PERCAYA PADA KUASA TUHAN AKAN BERKELIMPAHAN BERKAT

Minggu Biasa XVIII
Bacaan: Yes 55:1-3, Rom 8:35. 37-39, Mat 14:13-21.

Dalam tatacara berdoa, Gereja mengajarkan rumusan doa trinitas. Yaitu pada akhir setiap doa ditutup dengan rumusan penyebutan Allah Bapa, Putera dan Roh Kudus. Atau kadang dengan rumusan pendek kristologis, yaitu “…. Demi Kristus Tuhan dan Pengantara kami".

Gereja mengajar kita bahwa Yesus Kristus adalah satu-satunya "pengantara", yang mengubungkan kita dengan Allah Bapa. Rasul Paulus menegaskan bahwa manusia Kristus Yesus adalah Dia yang menjadi pengantara antara manusia dengan Allah (bdk. 1Tim 2:5). Ini dapat kita  mengerti bahwa dalam hal memohon kelimpahan berkat, kita percayakan doa kita pada Tuhan Yesus.

Dalam Injil pada hari ini, kisah tentang mukjizat Yesus memberi makan kepada lebih dari lima ribu orang. Jika kita berpikir dengan logika tentu tidaklah mungkin bisa terjadi lima roti dan dua ikan dapat mengenyangkan lebih dari lima ribu orang laki-laki, belum termasuk kaum perempuan dan anak-anak (bdk. Mat 14:21). Tuhan memberi kelimpahan berkat dari keterbatasan yang dimiliki para muridNya. Tuhan hanya meminta ketulusan hati mereka untuk  memberikan yang mereka miliki dan iman akan kuasaNya.

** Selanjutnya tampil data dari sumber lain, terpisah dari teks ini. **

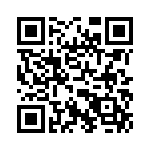 416F3841XADT QRCode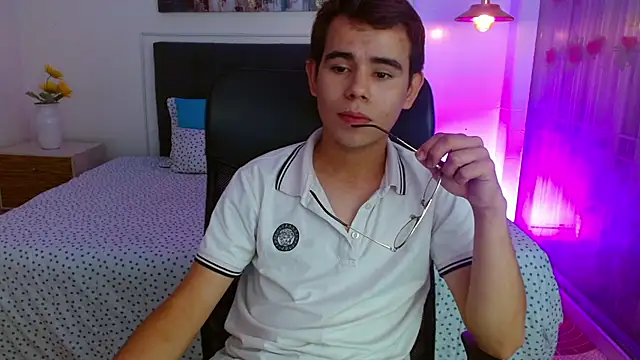 jack  tomas online show from June 9, 2026, 3:12 pm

Dalam hal membantu orang lain, kita sering kali berpikir-pikir tentang keterbatasan atau kekurangan diri. Untuk mencukupi keluarga sendiri saja masih susah, apalagi membantu orang lain.

Melalui Injil pada hari ini, kita diajak tidak saja untuk peduli terhadap sesama yang berkelaparan, tetapi juga memahami dan percaya akan daya kuasa Tuhan atas keterbatasan kita. Melalui perintahNya, "Bawalah ke mari kepada-Ku" (bdk. Mat. 14:18),  Yesus mengajarkan bahwa walau sedikit yang kita miliki, jika kita persembahkan padaNya dengan tulus, akan diberkatiNya dan dapat berkelimpahan.
 
Kita sering merasa selalu berkekurangan atau ketidakcukupan. Dari Injil hari ini, jika kita ingin mendapatkan kelimpahan hidup, mari kita bawa apa yang mau kita nikmati itu kepada Tuhan Yesus. Kita percayakan segala yang kita persembahkan padaNya untuk  dikuduskan oleh doa Yesus sendiri. Yesus melakukan itu semua dengan cuma-cuma untuk kita.

Dalam bacaan pertama, Nabi Yesaya menyerukan "Terimalah tanpa uang pembeli dan tanpa bayaran" (bdk. Yes 55:1). Seruan Yesaya tersebut seperti menawarkan suatu dagangan dengan cara aneh, yakni membeli tanpa alat tukar bayar (uang) sama sekali namun mendapatkan makanan dan minuman secara gratis.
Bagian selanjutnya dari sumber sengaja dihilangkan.